South Korean’s Crypto-Market – Current Situation

At this time, you can clearly see a lot of chaos in South Korea. It all started when the government of South Korean officially legalized Bitcoin service back in July 2017, which caused a momentous progress in the demand for cryptocurrency trading all around the country.

North Korean hackers targeted South Korean Bitcoin exchanges in August 2017, and by the end of September, there were many rumours that South Korea was planning to execute stricter regulations on cryptocurrencies. These rumours turned out to be more serious by December and based on speculations, it changed into an absolute ban on cryptocurrency exchanges and had a bad impact on the crypto world.

crypto world

South Korea Influence on the Cryptocurrency Prices

According to an estimation by The Blockchain Industry Association, South Korea has many cryptocurrency exchanges, including;

  • Coinone
  • Bithumb
  • Korbit

This tells us that even with 50 million people in a country, the demand for cryptocurrencies is so high that it has traded at more than a 30 % higher price than other countries.

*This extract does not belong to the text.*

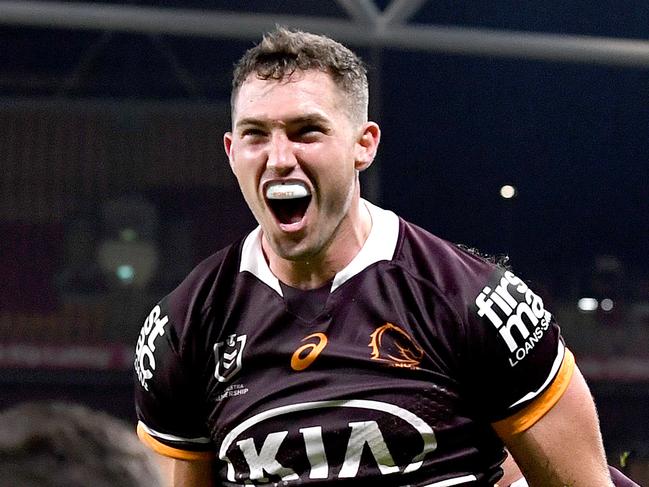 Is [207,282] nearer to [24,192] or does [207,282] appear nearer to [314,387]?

80% of the investors in South Korea have earned from investments in cryptocurrency and almost one-third of salaried Koreans have an average of $5,000 in cryptocurrency, which is a huge acceptance of an unapproved investment based only on speculation.

How are cryptocurrency traders operating in South Korea?

Many banks including the second largest one in the country, Shinhan Bank, offer local cryptocurrency exchanges with computer-generated bank accounts. Each investor/user can use these virtual bank accounts for depositing or withdrawing huge amounts of Korean Won without using their real bank accounts, which takes a lot of time and is costly at the same time.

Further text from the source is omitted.